_Supplied information_.
---+---

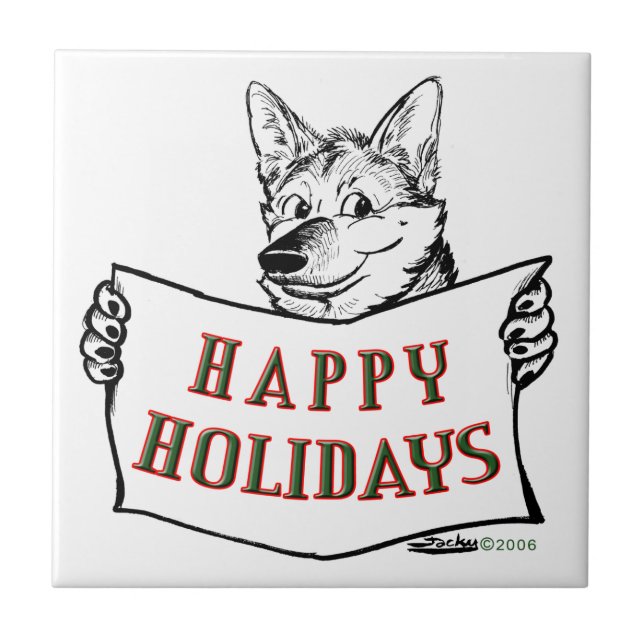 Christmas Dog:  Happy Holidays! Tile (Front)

---+---

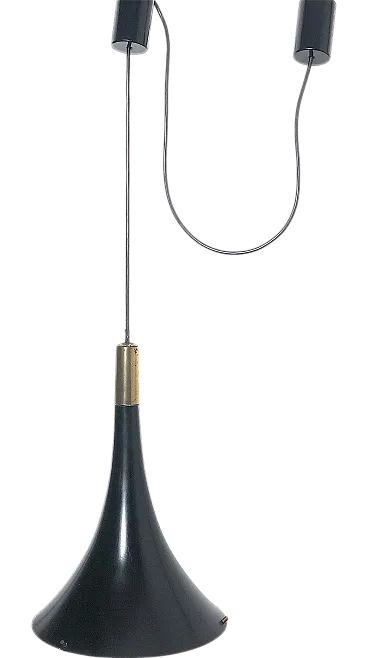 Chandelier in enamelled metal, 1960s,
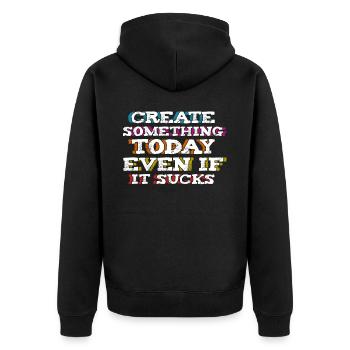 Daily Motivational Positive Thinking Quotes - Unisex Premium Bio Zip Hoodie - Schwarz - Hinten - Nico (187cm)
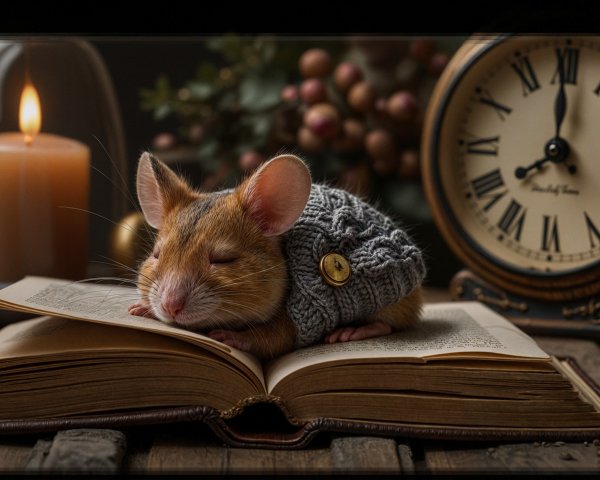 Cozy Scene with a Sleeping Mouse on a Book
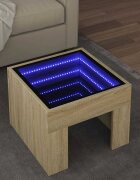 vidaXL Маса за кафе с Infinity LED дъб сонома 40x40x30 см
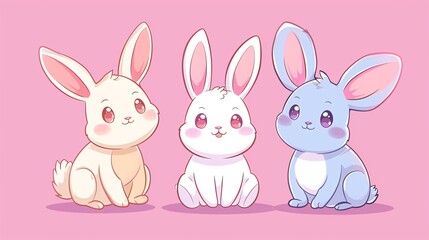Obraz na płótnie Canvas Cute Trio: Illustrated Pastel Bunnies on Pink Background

---+---

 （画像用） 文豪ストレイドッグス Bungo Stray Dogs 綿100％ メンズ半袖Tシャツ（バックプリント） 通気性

---+---

_Problem details_. In the listing above, find the line with "vidaXL Маса за" and the line with "Obraz na płótnie". Output both, plus every line between them, and no pictures.

_Result of the task_.
 vidaXL Маса за кафе с Infinity LED дъб сонома 40x40x30 см
Obraz na płótnie Canvas Cute Trio: Illustrated Pastel Bunnies on Pink Background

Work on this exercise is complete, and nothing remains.